Task details: Beginning at the line that contains "Parking in Studio", repeat each line exactly through the last one of the records below, and leave out the pictures.

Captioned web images
•••••

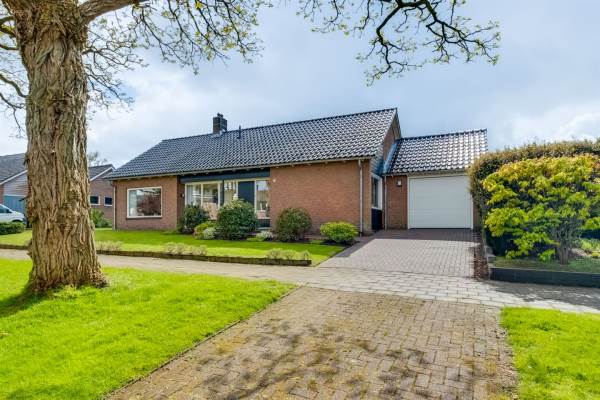 Woning Eduard van Beinumlaan 9 Dieren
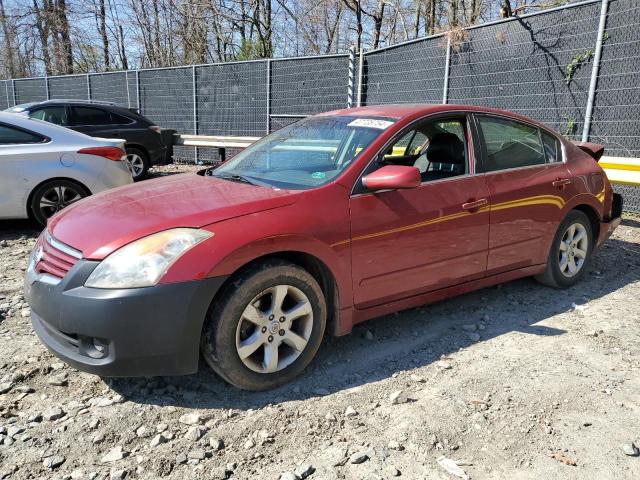 Image 1 of 2008 NISSAN ALTIMA 2.5 2008 with VIN 1N4AL21E78C163567
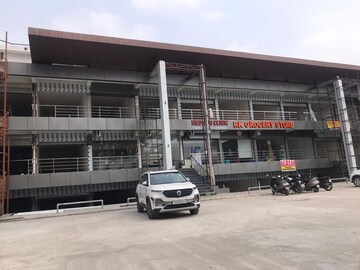 Parking in Studio Apartment at Vip Road – for Sale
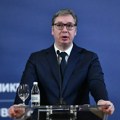 Vučić: Neće biti poskupljenja gasa i struje u Srbiji do kraja godine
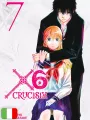 X6 - Crucisix 7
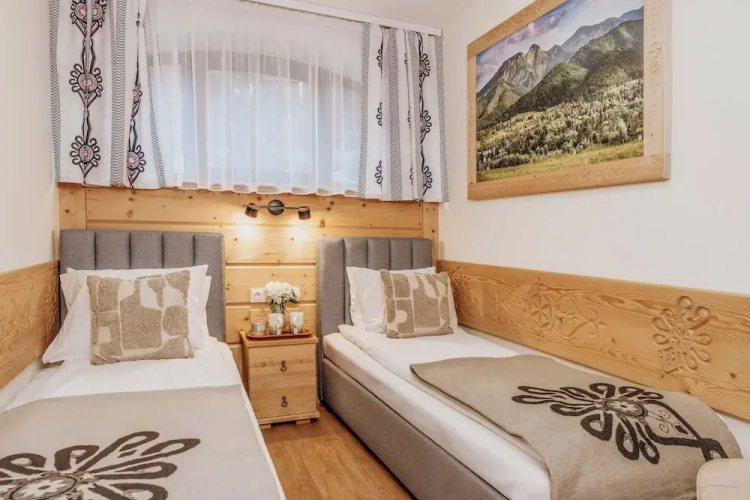 Hyrny Giewont LoftAffair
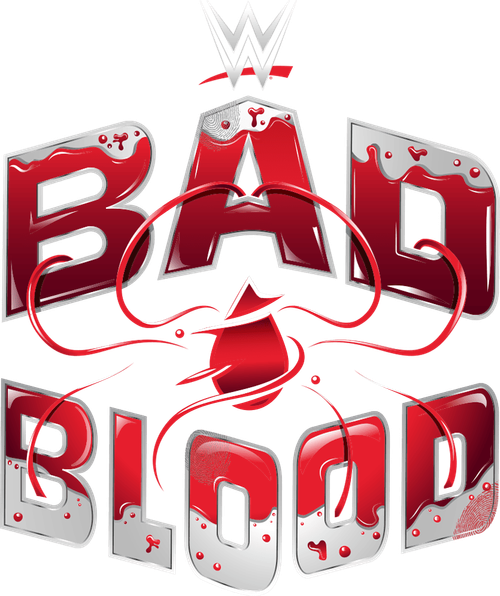 WWE Bad Blood 2024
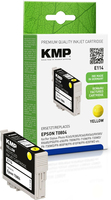 KMP E114 ink cartridge 1 pc(s) Yellow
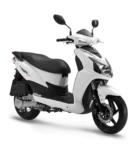 Jet 4 SYM 150 – 1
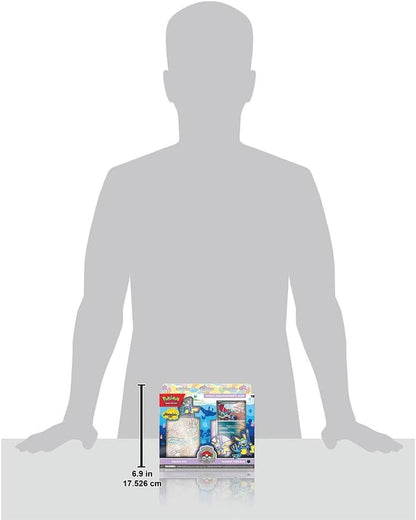 2024 Pokémon TCG World Championships Deck (One Random Deck)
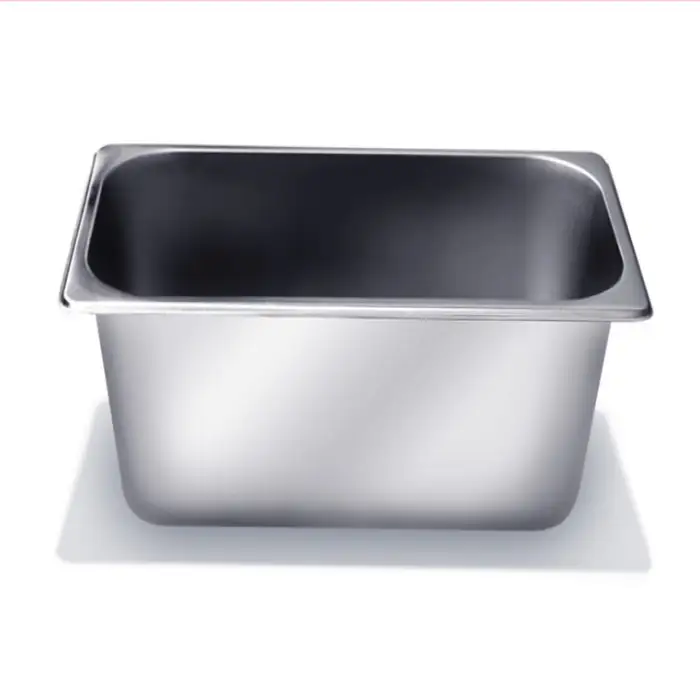 Restaurant Kitchen Electric Food Warmer Commercial Portable  Soup Warmer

•••••

Response below:
 Parking in Studio Apartment at Vip Road – for Sale
 Vučić: Neće biti poskupljenja gasa i struje u Srbiji do kraja godine
 X6 - Crucisix 7
 Hyrny Giewont LoftAffair
 WWE Bad Blood 2024
 KMP E114 ink cartridge 1 pc(s) Yellow
 Jet 4 SYM 150 – 1
 2024 Pokémon TCG World Championships Deck (One Random Deck)
 Restaurant Kitchen Electric Food Warmer Commercial Portable  Soup Warmer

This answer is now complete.